Credito d’imposta innovazione tecnologica: come individuare le attività agevolabili

Luglio 26, 2020

I progetti per innovazione tecnologica delle imprese destinati alla realizzazione di prodotti o processi di produzione nuovi o sostanzialmente migliorati hanno ora tutti gli elementi per beneficiare del credito d’imposta del 6%. Normalmente, questa agevolazione attraverso il Decreto Rilancio dovrebbe essere portata al 45% per le Piccole Imprese operative nel Mezzogiorno!

Il decreto “Transizione 4.0” del Ministero dello Sviluppo Economico permette alle imprese di iniziare la tracciatura delle attività ammissibili alle agevolazioni e dei costi.

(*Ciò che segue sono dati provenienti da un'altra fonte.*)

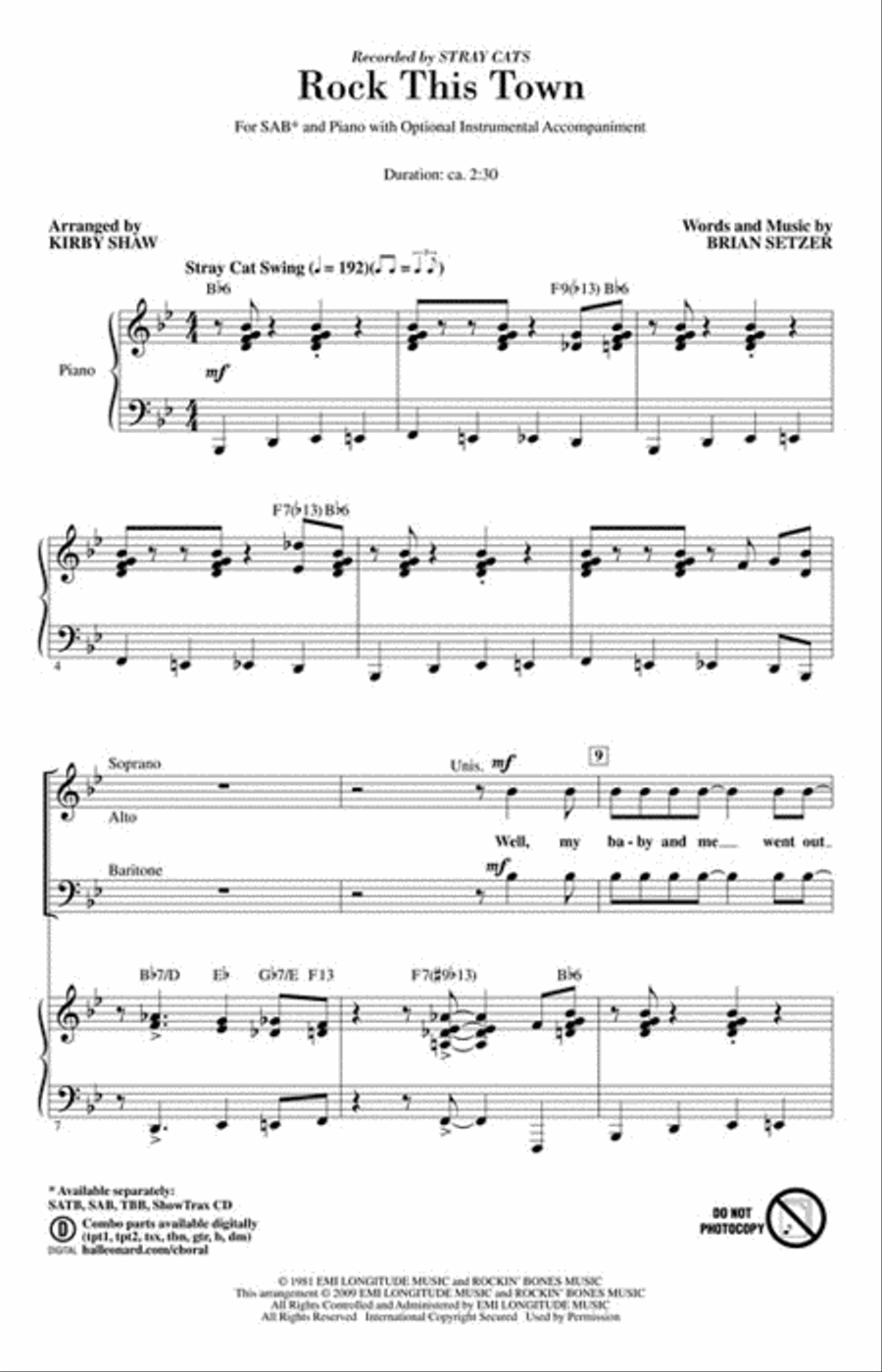 Rock This Town Rock This Town 3-Part scores gallery preview page 2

Sono esclusi i lavori richiesti per l’adeguamento di processi e prodotti a specifici obblighi relativi alle norme in materia di sicurezza, salute e igiene del lavoro o in materia ambientale.

Quali vantaggi ci aspettano?

Attività di ricerca fondamentale, ricerca industriale e sviluppo sperimentale in campo scientifico e tecnologico:

  • il credito d’imposta è riconosciuto in misura pari al 12% delle spese agevolabili nel limite massimo di 3 milioni di euro.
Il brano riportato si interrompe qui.